■ **Excerpted records**

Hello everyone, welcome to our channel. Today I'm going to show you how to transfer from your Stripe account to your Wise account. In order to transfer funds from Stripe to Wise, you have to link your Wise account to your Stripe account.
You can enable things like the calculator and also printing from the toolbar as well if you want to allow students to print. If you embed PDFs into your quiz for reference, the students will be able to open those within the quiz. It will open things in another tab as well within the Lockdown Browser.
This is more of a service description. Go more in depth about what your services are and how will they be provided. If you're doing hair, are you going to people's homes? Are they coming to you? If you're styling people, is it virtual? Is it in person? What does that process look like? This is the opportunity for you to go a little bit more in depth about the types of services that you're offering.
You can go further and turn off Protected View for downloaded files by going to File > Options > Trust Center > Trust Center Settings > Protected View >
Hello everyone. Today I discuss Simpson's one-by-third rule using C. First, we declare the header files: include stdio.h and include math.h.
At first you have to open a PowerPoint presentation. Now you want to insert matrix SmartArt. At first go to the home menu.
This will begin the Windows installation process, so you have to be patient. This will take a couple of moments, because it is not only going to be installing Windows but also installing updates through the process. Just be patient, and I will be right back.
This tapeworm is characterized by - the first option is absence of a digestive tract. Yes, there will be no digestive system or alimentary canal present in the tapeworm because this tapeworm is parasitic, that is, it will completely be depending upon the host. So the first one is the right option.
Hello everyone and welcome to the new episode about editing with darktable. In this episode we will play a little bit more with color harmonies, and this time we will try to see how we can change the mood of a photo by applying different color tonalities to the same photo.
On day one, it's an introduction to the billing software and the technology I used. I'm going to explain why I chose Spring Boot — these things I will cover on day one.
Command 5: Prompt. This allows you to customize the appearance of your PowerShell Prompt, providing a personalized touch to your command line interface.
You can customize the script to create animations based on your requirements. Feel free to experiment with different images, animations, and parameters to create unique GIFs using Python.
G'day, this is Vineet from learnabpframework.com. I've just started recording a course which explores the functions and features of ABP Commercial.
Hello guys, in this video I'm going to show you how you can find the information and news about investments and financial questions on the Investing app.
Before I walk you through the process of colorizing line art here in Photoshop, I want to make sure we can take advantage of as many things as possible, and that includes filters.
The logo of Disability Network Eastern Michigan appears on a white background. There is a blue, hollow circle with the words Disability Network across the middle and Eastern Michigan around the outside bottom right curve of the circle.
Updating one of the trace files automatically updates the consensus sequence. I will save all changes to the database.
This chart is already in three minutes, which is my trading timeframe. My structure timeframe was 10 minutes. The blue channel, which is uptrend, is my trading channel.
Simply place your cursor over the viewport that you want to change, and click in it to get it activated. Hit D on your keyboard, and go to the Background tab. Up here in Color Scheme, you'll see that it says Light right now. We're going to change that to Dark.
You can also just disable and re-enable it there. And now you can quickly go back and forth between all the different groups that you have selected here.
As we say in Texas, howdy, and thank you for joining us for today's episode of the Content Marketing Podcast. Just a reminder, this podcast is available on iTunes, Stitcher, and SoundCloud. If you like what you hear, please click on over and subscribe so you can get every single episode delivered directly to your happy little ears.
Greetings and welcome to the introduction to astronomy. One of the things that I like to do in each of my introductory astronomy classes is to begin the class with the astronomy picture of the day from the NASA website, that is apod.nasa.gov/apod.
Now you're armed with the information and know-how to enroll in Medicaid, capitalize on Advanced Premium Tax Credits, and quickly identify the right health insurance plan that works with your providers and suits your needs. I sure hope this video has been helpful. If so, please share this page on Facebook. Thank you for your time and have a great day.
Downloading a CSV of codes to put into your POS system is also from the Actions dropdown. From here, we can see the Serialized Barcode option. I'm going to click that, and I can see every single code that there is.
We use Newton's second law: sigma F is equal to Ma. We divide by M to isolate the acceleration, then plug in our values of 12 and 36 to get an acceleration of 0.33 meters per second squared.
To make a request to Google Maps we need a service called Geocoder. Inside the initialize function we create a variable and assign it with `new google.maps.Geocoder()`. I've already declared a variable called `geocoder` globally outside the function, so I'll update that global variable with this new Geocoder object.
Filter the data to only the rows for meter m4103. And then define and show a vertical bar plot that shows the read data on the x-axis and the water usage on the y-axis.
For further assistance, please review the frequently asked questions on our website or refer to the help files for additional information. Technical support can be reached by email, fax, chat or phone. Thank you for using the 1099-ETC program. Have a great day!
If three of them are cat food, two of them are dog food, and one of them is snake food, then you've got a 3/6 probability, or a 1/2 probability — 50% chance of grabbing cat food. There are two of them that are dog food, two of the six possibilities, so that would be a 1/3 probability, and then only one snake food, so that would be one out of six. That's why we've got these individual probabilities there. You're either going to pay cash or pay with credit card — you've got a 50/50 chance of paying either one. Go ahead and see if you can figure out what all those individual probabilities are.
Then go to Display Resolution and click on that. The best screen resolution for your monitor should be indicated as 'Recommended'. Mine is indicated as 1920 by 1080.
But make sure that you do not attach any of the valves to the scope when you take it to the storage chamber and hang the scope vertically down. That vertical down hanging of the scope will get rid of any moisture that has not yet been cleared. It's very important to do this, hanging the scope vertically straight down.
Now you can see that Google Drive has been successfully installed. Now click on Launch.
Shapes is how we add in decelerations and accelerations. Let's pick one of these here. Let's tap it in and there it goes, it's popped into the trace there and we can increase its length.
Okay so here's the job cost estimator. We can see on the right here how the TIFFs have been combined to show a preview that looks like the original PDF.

■ **Task to complete**
When you reach the line in the material above that holds "Hello guys, in", begin reproducing lines exactly, and stop after the line that holds "The logo of".

■ **Exercise solution**
Hello guys, in this video I'm going to show you how you can find the information and news about investments and financial questions on the Investing app.
Before I walk you through the process of colorizing line art here in Photoshop, I want to make sure we can take advantage of as many things as possible, and that includes filters.
The logo of Disability Network Eastern Michigan appears on a white background. There is a blue, hollow circle with the words Disability Network across the middle and Eastern Michigan around the outside bottom right curve of the circle.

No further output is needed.